What is required: The lines below, from the one holding "tank_2.webp" through the one holding "Dog Puzzle Stock", are to be restated word for word, with all images left out.

The data:
================

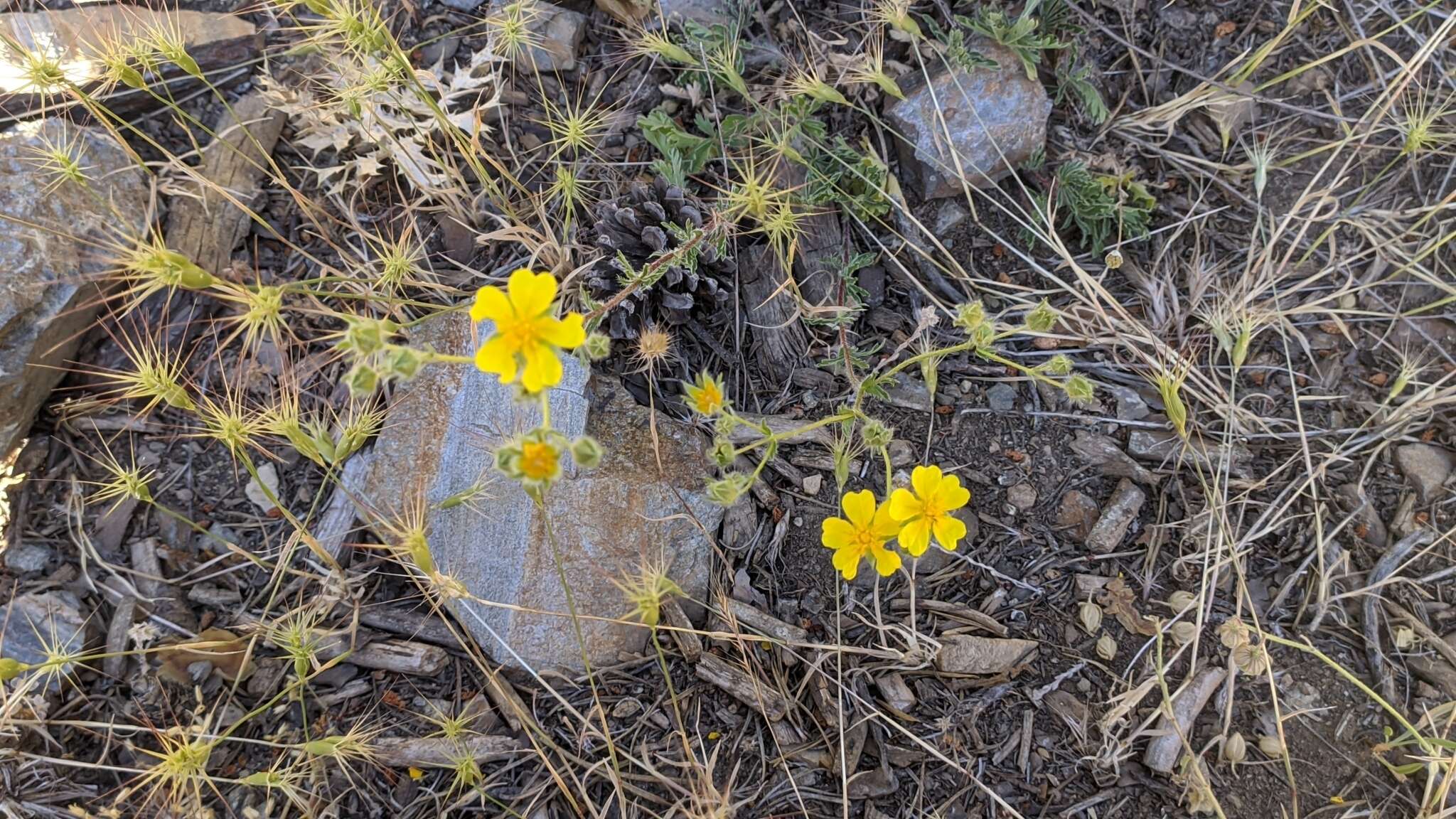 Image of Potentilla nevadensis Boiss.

================

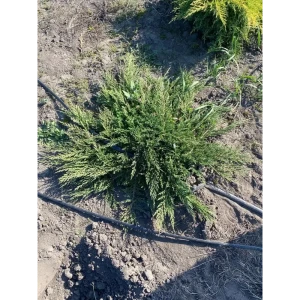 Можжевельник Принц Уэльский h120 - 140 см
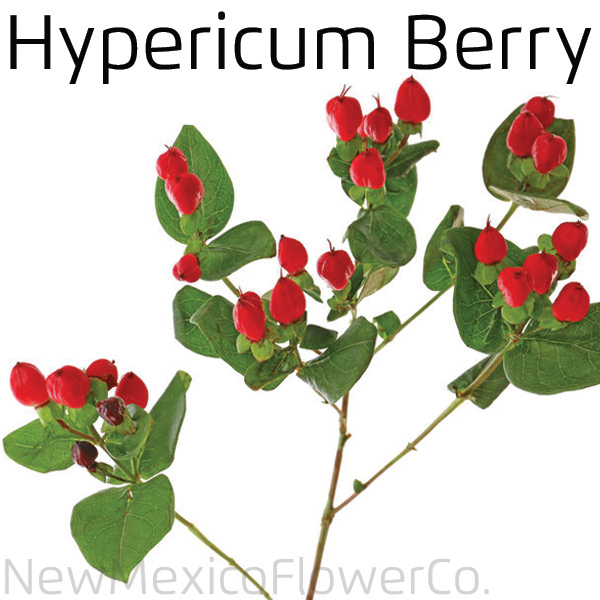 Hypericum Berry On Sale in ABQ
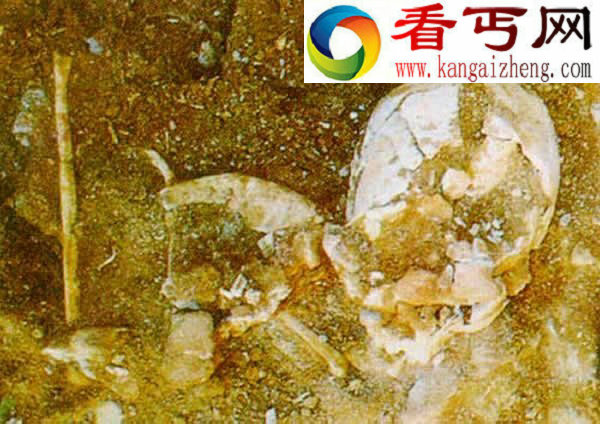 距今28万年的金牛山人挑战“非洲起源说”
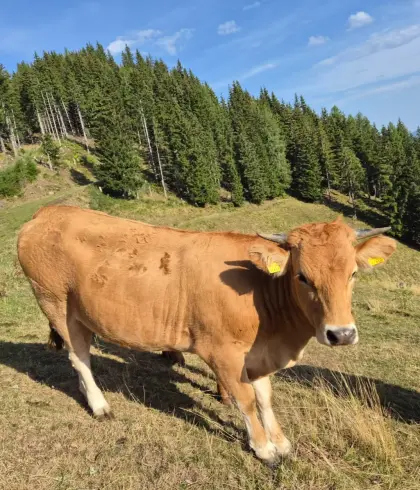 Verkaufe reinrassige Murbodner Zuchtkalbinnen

================

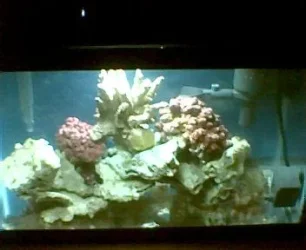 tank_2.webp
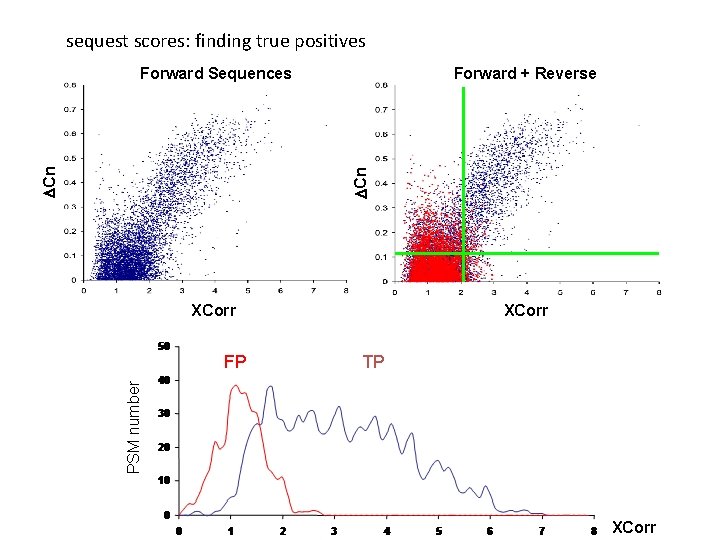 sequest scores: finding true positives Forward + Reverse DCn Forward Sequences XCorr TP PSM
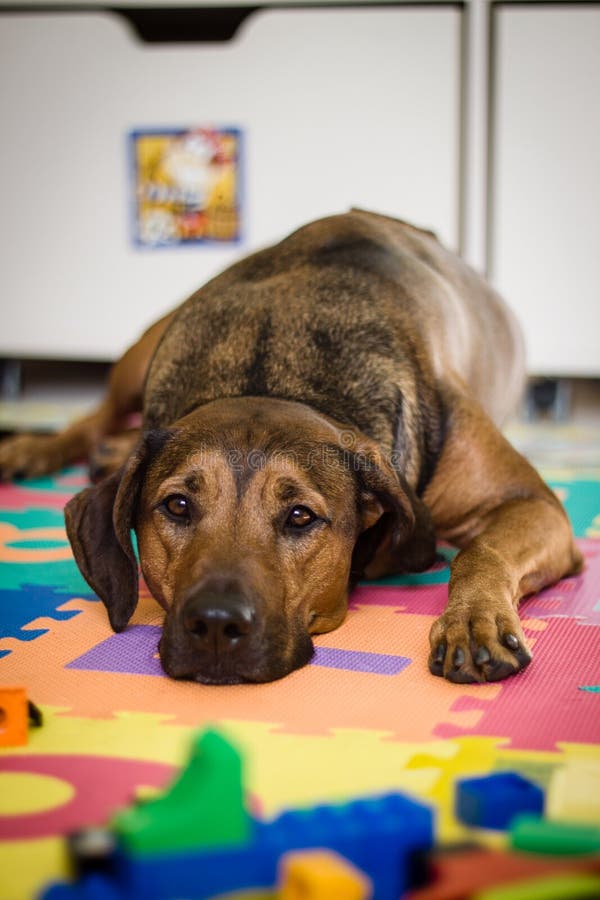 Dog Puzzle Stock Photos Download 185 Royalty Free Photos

================

Reply:
 tank_2.webp
 sequest scores: finding true positives Forward + Reverse DCn Forward Sequences XCorr TP PSM
 Dog Puzzle Stock Photos Download 185 Royalty Free Photos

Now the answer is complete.